Question

A charge $+q$ is fixed at each of the points $x=x_0$ , $x=3x_0$, $x=5x_0$. . . . . $\infty$ on the x - axis and a charge $-q$ is fixed at each of the points $x=2x_0,x=4x_0,x=6x_0$......$\infty$. Here $x_0$ is a positive constant.

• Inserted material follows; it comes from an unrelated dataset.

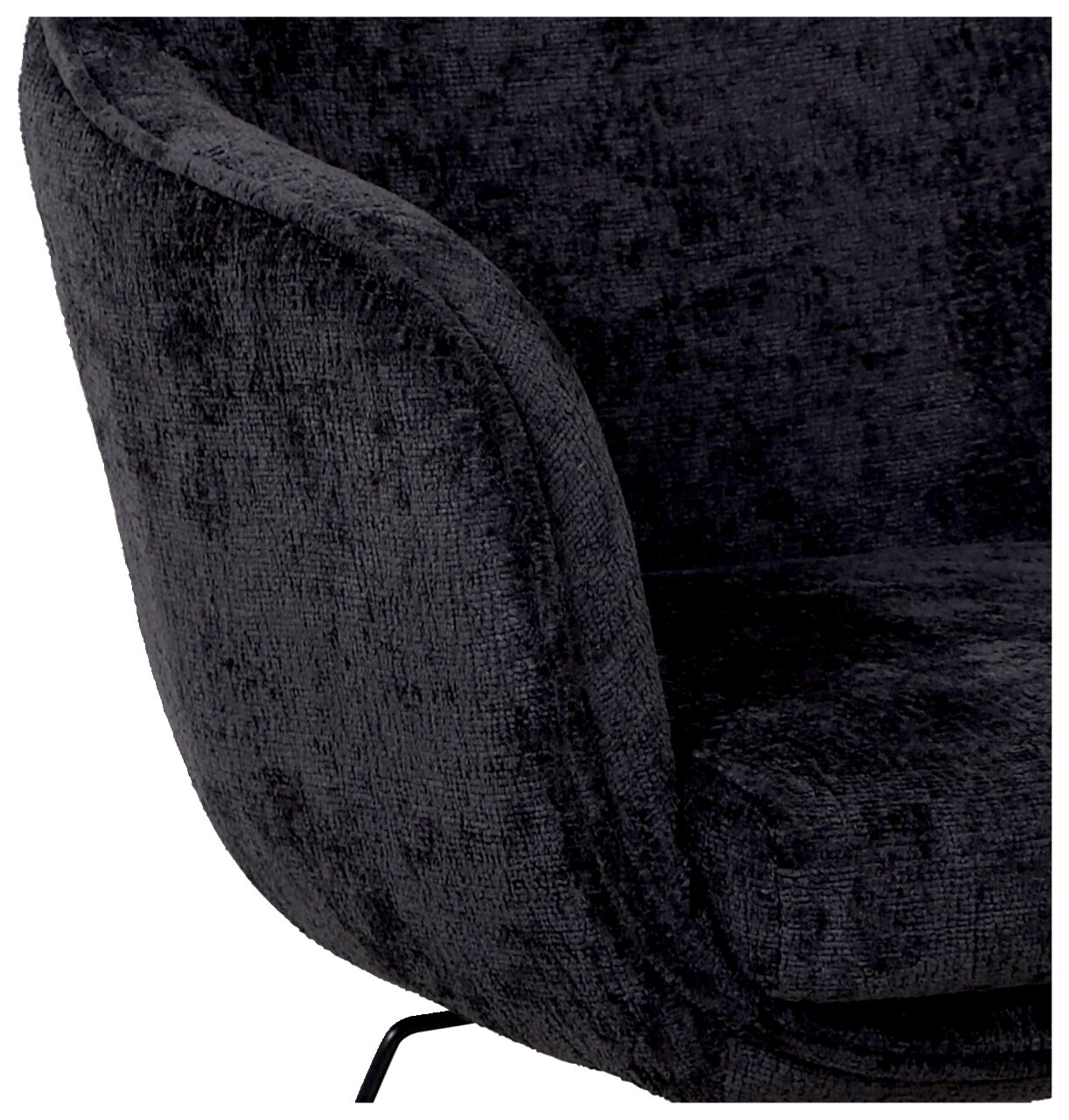 Nahaufnahme eines schwarzen Drehstuhls mit weicher Polsterung, seitliche Perspektive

Take the electric potential at a point due to a charge $Q$ at a distance $r$ from it to be $\frac{Q}{4\pi {ϵ}_{0}r}$. Then the potential at the origin due to the above system of charges is:

• A. $0$
• B. $\frac{q}{8\pi {ϵ}_0{x}_0\ln 2}$
• C. $\infty$
• D. $\frac{q\ln 2}{4\pi {\epsilon }_0{x}_0}$

Answer 1

The correct option is D $\frac{q\ln 2}{4\pi {\epsilon }_0{x}_0}$

Given potential at a distance r is $=\frac{q}{4\pi {\epsilon }_{0}r.}$

Now total potential at origin due to +q charges are

$=(\frac{q}{4\pi {\epsilon }_0{x}_0}+\frac{q}{4\pi {\epsilon }_0\left(3x_0\right)}+\frac{q}{4\pi {\epsilon }_0\left(5x_0\right)}+-----------)$

$=\frac{q}{4\pi {\epsilon }_0{x}_0}(1+\frac{1}{3}+\frac{1}{5}+-------)$

Total potential due to -q charges at origin is

$=\frac{-q}{4\pi {\epsilon }_0{x}_0}(\frac{1}{2}+\frac{1}{4}+\frac{1}{6}+-----)$

Now total $P=\frac{q}{4\pi {\epsilon }_0{x}_0}(1-\frac{1}{2}+\frac{1}{3}-\frac{1}{4}+\frac{1}{5}-\frac{1}{6}-----)$
we know

$ln(1+x)=x-\frac{x^2}{2}+\frac{x^3}{3}-\frac{x^4}{4}+------$

$\therefore ln\left(2\right)=1-\frac{1}{2}+\frac{1}{3}-\frac{1}{4}+-----$

$\therefore \text{total potential}=\frac{qln2}{4\pi {\epsilon }_0{x}_0}$